Ao identificar essas falhas, o Ministério de Minas e Energia (MME) chegou a propor ajustes ao RenovaBio que aperfeiçoam a política. O deslocamento das metas de descarbonização para os agentes responsáveis pela origem dos combustíveis – as refinarias e os importadores de combustíveis fósseis –, por exemplo, foi uma das medidas apresentadas. Essa retificação colabora para a sustentabilidade do RenovaBio e o alinha a programas similares criados no mundo, incluindo o modelo da Califórnia (LCFS – Low Carbon Fuel Standard), que o inspirou. Todas as políticas de mitigação concentram as obrigações de cumprimento das metas de descarbonização no segmento responsável pela origem das emissões, ou seja, as refinarias.
Concentrar o recolhimento nas refinarias e nos importadores, em número bem menor que os distribuidores, reduz a possibilidade de fraudes, desestimula práticas especulativas e torna a fiscalização mais eficiente e menos dispendiosa ao Estado. Os distribuidores, desse modo, passarão a adquirir os combustíveis fósseis tendo os custos dos CBIOs já embutidos nos produtos. O exemplo exitoso é a tributação monofásica, em mecanismo semelhante à substituição tributária, que atribui aos produtores de combustíveis fósseis a responsabilidade pelos tributos devidos em toda cadeia.
Apesar dos méritos e acertos da proposta apresentada, o MME não deve levar adiante as medidas ainda este ano em decorrência da transição de governo. As tratativas entre o MME e o grupo de transição do presidente eleito Lula têm evidenciado a necessidade de medidas estruturantes capazes de aperfeiçoar o RenovaBio, sob pena do programa ser judicializado. Essas medidas são, portanto, urgentes e não podem ser esquecidas ou postergadas.
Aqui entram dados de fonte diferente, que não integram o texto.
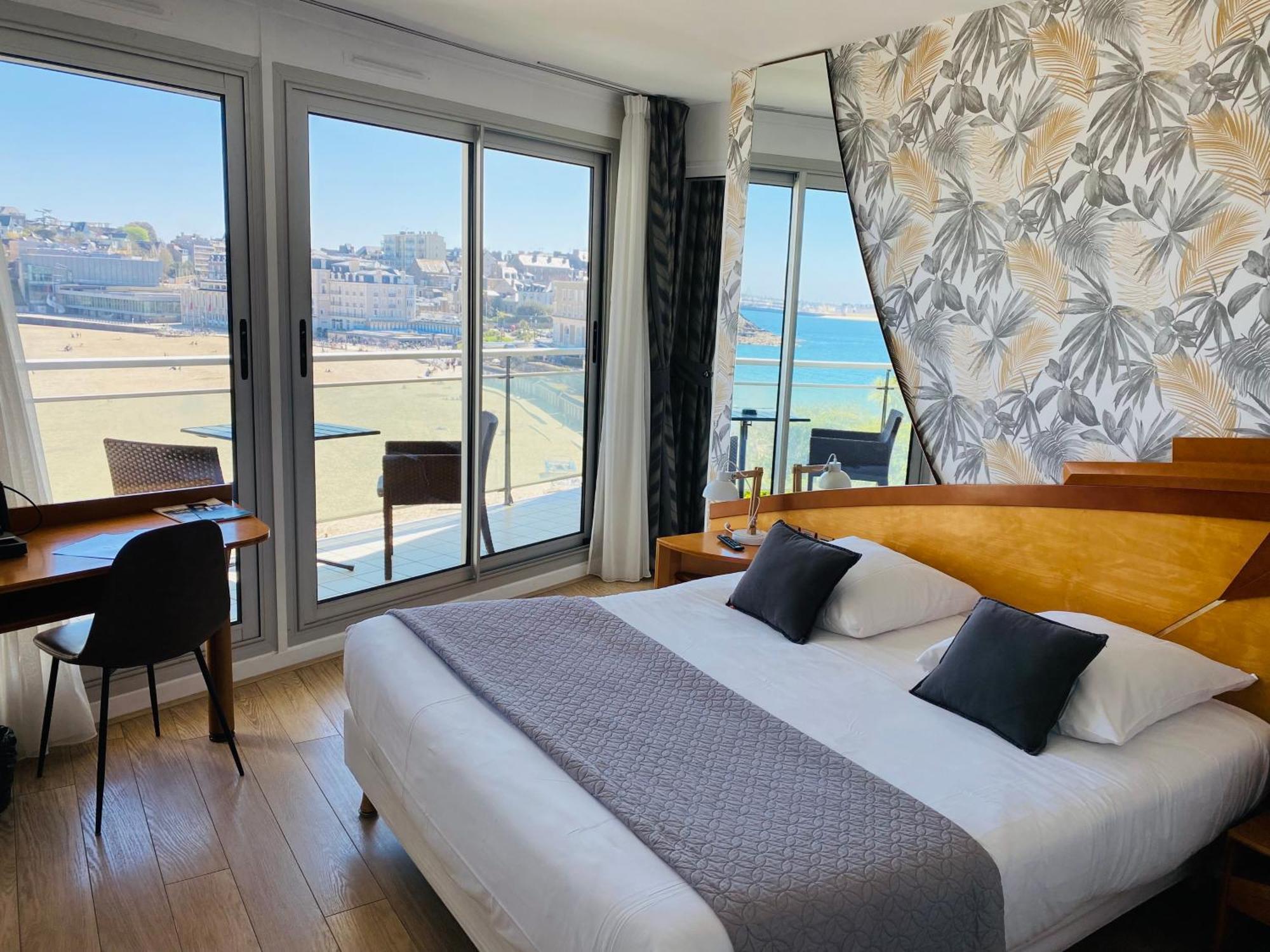 Le Crystal Dinard Plage Εξωτερικό φωτογραφία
As propostas apresentadas, com destaque para a realocação das responsabilidades pelas compras dos CBIOs, melhoram esse importante mecanismo de mitigação de mudanças climáticas e podem tornar o Brasil um dos maiores mercados de comercialização de créditos de carbono do mundo. As alterações reforçam a credibilidade do RenovaBio que, aperfeiçoado, poderá avançar e cumprir de fato sua missão.